▸ **Task prompt**: What is needed is an exact reproduction of the listing, without its pictures.

▸ **Given data**:
= Beginning of Section =

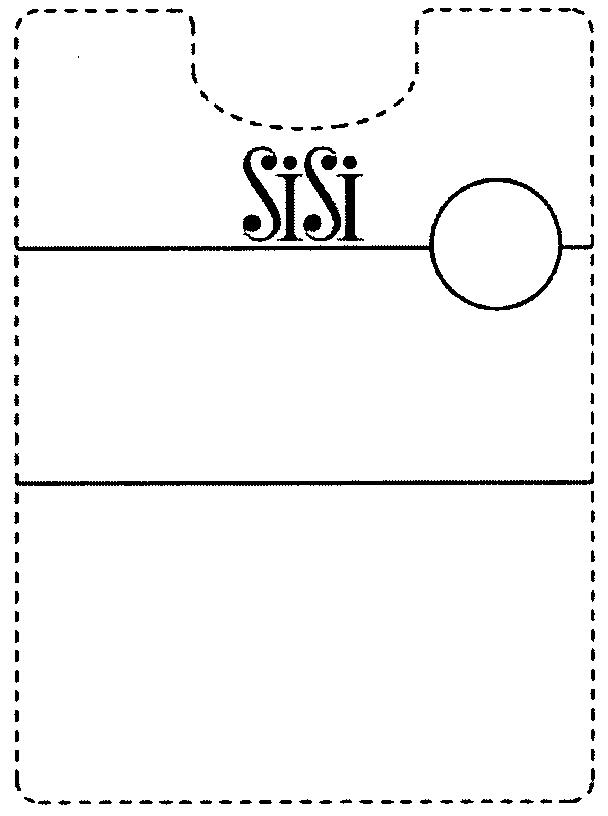 Paraqitja e markës SiSi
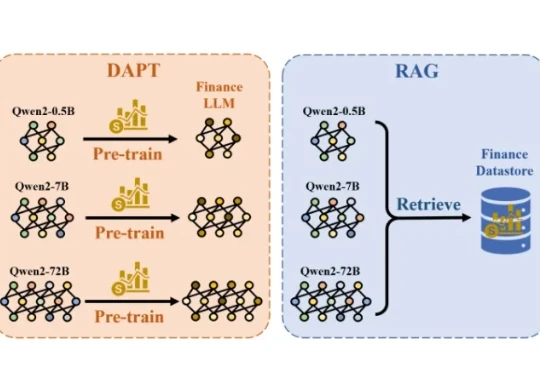 超越RAG和DAPT！华人团队新研究引热议：即插即用、无需改变原参即可让模型化身领域专家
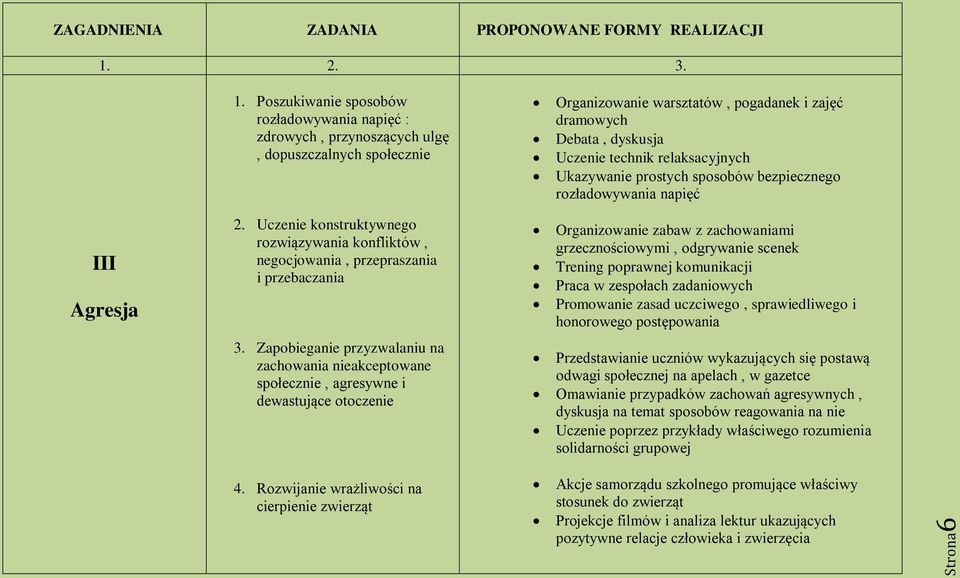 relaksacyjnych Ukazywanie prostych sposobów bezpiecznego rozładowywania napięć III Agresja 2. Uczenie konstruktywnego rozwiązywania konfliktów, negocjowania, przepraszania i przebaczania 3.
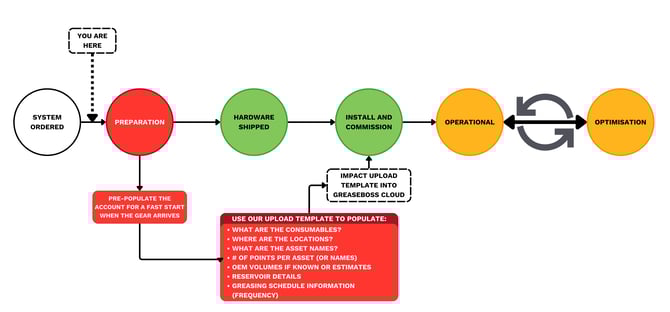 GreaseBoss Initial Order Process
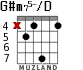 G#m75-/D for guitar - option 3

= End of Section =

▸ **Completed exercise**:
 Paraqitja e markës SiSi
 超越RAG和DAPT！华人团队新研究引热议：即插即用、无需改变原参即可让模型化身领域专家
 relaksacyjnych Ukazywanie prostych sposobów bezpiecznego rozładowywania napięć III Agresja 2. Uczenie konstruktywnego rozwiązywania konfliktów, negocjowania, przepraszania i przebaczania 3.
 GreaseBoss Initial Order Process
 G#m75-/D for guitar - option 3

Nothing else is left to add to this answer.